Over at Scripture Cathedral, lights blaze through the stained-glass windows, like there’s a bonfire inside, as fifteen hundred black men stand shoulder to shoulder in the pews and the crowded balcony. It is the first official organizing meeting for next month’s Million Man March. Bishop Long, proud that Scripture was selected by Minister Louis Farrakhan to be march headquarters, reaches for the hand of a Nation of Islam official—an aide Farrakhan sent down just for this meeting—so they can raise their clasped fists in triumph. And as they do, the throng of black men in dashikis and business suits and worn jeans lets out a roar that so many of them clearly hope will be the start of something … anything.
On the northeast fringe of the city, Cedric Gilliam pecks Sherene, his new girlfriend, on the cheek as he slips through the door of the Chateau—a raucous black nightclub—where she works as a hostess. He breathes in the smoke and the smell of beer, not wanting either to leave his nostrils. A month ago, one of the regular parole depar
tment urine tests found his urine dirty with heroin—a violation of his probation—and since then a half-dozen federal marshals have been by his mother’s house. It’s just a matter of time before they overtake him. He had hoped that the intoxicating buzz of this favorite joint—as familiar to him as his own voice—would help drone out the ticking clock he hears in his head. Instead, being here makes him feel like the air is slipping from his lungs.
Across town, on a quiet street of row houses in Southeast, Cedric Jennings is also trying to breathe deeply. Tomorrow he will begin packing for Tuesday’s journey to Providence. Tonight is his last big night in town. He exults, slapping tree branches with his up-stretched hand as he walks. It’s a night for feeling good.
He spots a few of his relatives sitting on the stoop of his aunt Chris’s house, half a block ahead, where a going-away party for him has just started. He breaks into a trot.
“Va, Uncle Va,” his nephew Lawrence shouts as he enters the house, and Cedric sees that most of the guests have arrived.
“Hi everybody!” Cedric shouts, looking neat and casual in his long white T-shirt and black jeans.
Aunt Chris pokes her head out of the kitchen and yells, “I hope you’re ready to eat tonight, Lavar,” and waits until he assures her, “Oh, yes, I’m ready,” before she disappears back to her ministrations. Everyone returns to the couch or chair where they were a moment ago, and the room’s hive of conversation resumes.

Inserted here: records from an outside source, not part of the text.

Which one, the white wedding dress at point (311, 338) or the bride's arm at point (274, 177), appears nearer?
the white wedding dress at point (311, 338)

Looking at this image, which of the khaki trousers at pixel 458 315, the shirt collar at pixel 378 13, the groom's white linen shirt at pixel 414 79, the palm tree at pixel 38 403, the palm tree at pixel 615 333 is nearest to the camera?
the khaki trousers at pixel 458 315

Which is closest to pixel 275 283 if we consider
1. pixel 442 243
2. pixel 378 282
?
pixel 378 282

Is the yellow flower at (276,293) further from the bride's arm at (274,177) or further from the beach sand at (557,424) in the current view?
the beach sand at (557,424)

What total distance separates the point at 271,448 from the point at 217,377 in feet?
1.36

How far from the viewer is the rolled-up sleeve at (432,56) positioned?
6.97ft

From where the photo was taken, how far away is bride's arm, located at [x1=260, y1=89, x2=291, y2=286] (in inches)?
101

Everyone comes over to greet him, and Cedric looks around the bustling room, lips together in a wet smile. He feels a wash of sentimentality, a nostalgia for the present, and lets his eyes wander back and forth across the room like he might a poem he needs to memorize for an English class—wanting to remember it, every line. Then he settles into a living room chair near the front door.
The only man present is a cousin of Barbara’s named Douglas, a computer specialist in his mid-thirties who has had solid jobs but some problems with drugs. He says to one of Barbara’s sisters that he’s not out running tonight with the other men because “I’m trying to get my life together.”